Direktur Indonesia Maritime Institute, Dr. Yulian Paonganan kembali menegaskan, untuk dipahami, sejak zaman dahulu, perairan nusantara sudah menjadi poros maritim dunia, di mana kapal-kapal dagang dunia melintasinya. Ini artinya, konsep poros maritim yang didengungkan Jokowi dan Kabinet Kerjanya menunjukkan ketidakpahaman atas substansi dan kondisi realistik geostrategis, geopolitik dan geoekonomi Indonesia.
"Lalu konsep Tol Laut yang adalah ciplakan dari konsep Pendulum Nusantara era pemerintahan SBY-Boediono bukanlah konsep yang bisa membuat disparitas harga di barat dan timur NKRI bisa diminimalkan," tuturnya kepada Kantor Berita Politik
RMOL, Jumat (26/12).
Permasalahan disparitas harga antara wilayah barat dengan timur atau sebaliknya, jelas dia, bukan pada ketersediaan kapal atau pelabuhan, tapi tidak
balance-nya angkutan logistik. Dan, prinsip
trade follow the ship dalam Tol Laut Jokowi sebetulnya hanya bisa diterapkan pada sebuah wilayah yang distribusi logistiknya
balance.
"Harusnya prinsip yang bisa diterapkan di NKRI dengan kondisi sekarang adalah
ship follow the trade dengan membangun sentra produksi berbasis SDA agar logistik bisa balance, sambil perlahan memperkuat infrastruktur pelayaran," terangnya.
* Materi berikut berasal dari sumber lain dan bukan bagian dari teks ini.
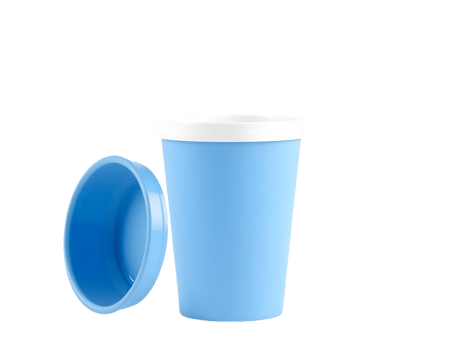 Blue plastic cup with lid on a transparent background png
Di sisi lain, menurutnya pula, Menteri Kelautan dan Perikanan, Susi Pudjiastuti telah salah menerjemahkan maritim hanya sebatas ikan.
"Dia (Menteri Susi) begitu getol bicara tentang
illegal fishing, sementara kegiatan illegal lainnya di laut seperti
illegal mining,
illegal logging lewat laut, human
trafficking, penyelundupan narkoba lewat laut dan lain sebagainya diabaikan," kritiknya.
Begitu juga instruksi penenggelaman perahu ikan illegal milik asing yang dinilainya terkesan mengabaikan kapal-kapal raksasa maling ikan dan kapal pencuri pasir laut serta banyaknya pemalsuan umur kapal yang beroperasi di perairan Indonesia.
"Dari kondisi tersebut dapat disimpulkan bahwa konsep maritim Jokowi jauh panggang dari api," demikian Ongen.